::: DATASET SECTION
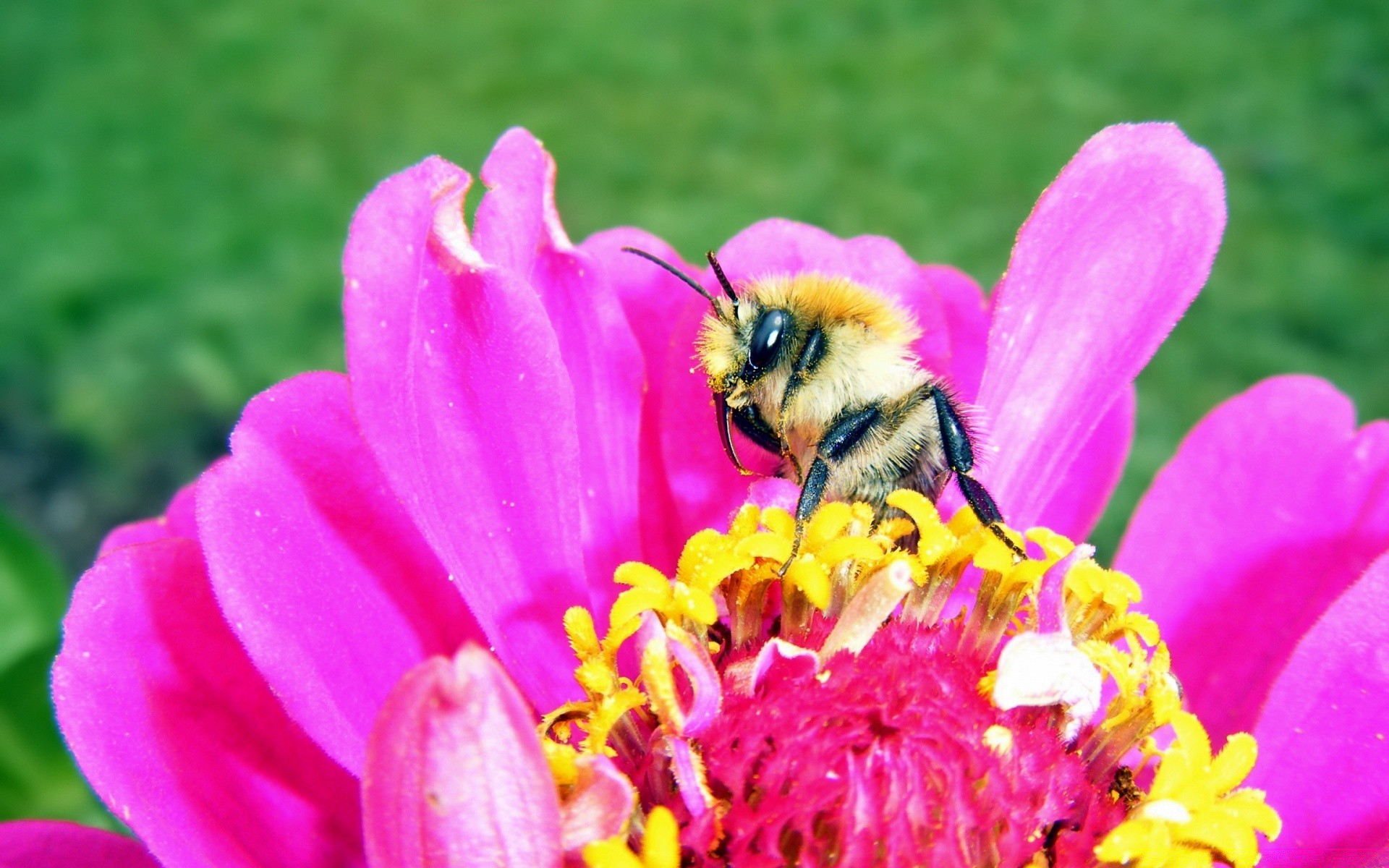 insects nature flower bee pollen summer garden insect flora petal floral honey color close-up outdoors bright pollination blooming leaf beautiful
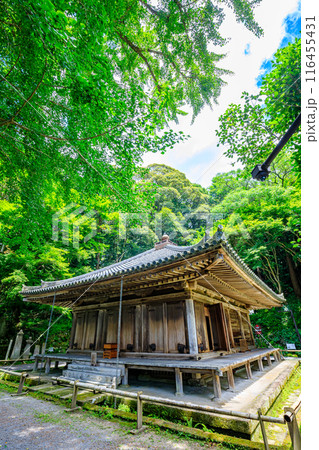 夏の富貴寺 大分県豊後高田市 夏の富貴寺 大分県豊後高田市 116455431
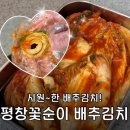 꽃순이네 | 평창꽃순이 생태마을 배추김치 후기 | 사먹는 김치 추천, 믿고 먹는 강원도 김치
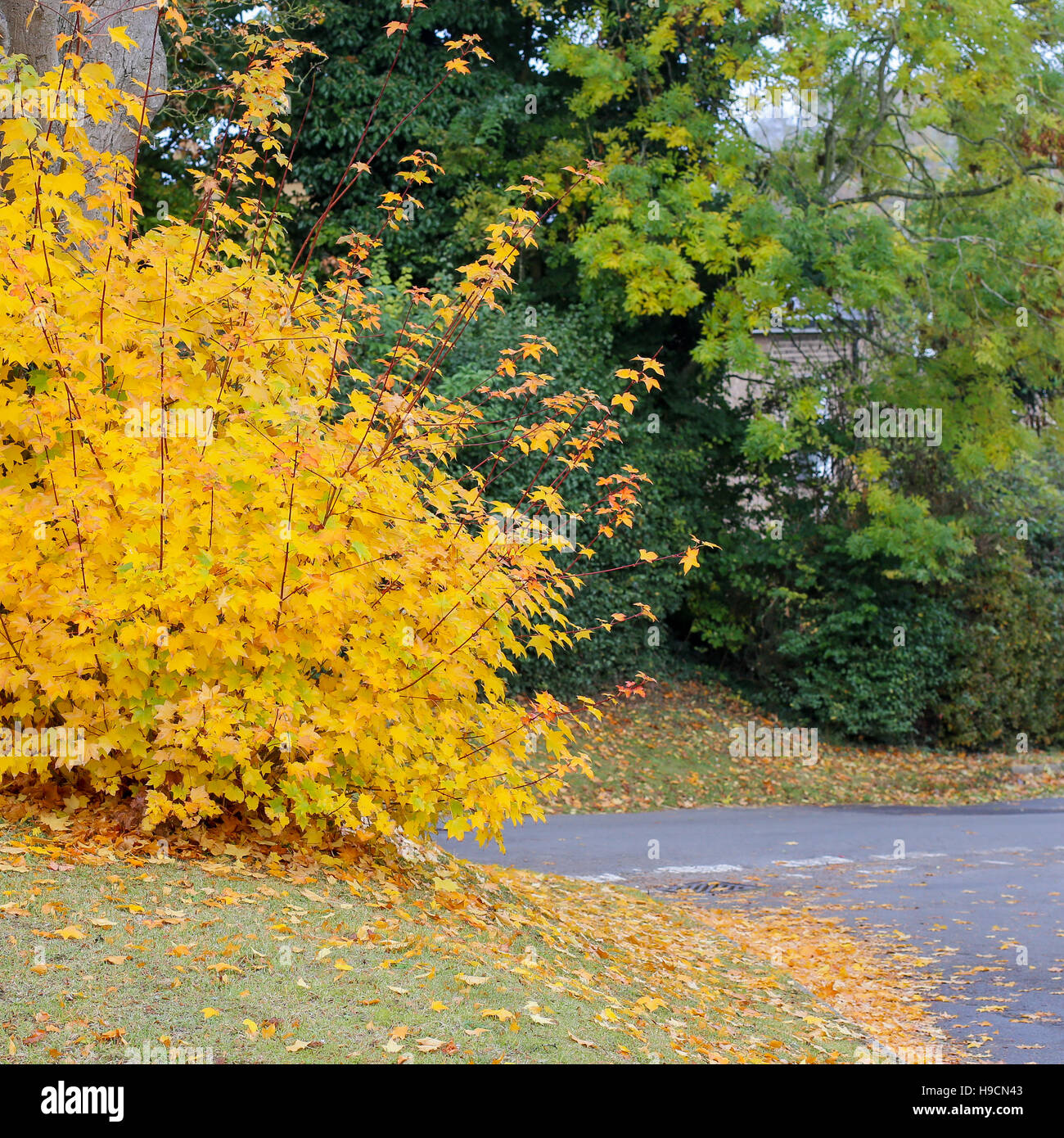 Autumn street corner with fall maple tree displaying yellow colorful foliage Stock Photo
::::::
§ AIM OF THE EXERCISE
Would you copy each line above exactly as given, dropping any images?

§ RESPONSE BOX
 insects nature flower bee pollen summer garden insect flora petal floral honey color close-up outdoors bright pollination blooming leaf beautiful
 夏の富貴寺 大分県豊後高田市 夏の富貴寺 大分県豊後高田市 116455431
 꽃순이네 | 평창꽃순이 생태마을 배추김치 후기 | 사먹는 김치 추천, 믿고 먹는 강원도 김치
 Autumn street corner with fall maple tree displaying yellow colorful foliage Stock Photo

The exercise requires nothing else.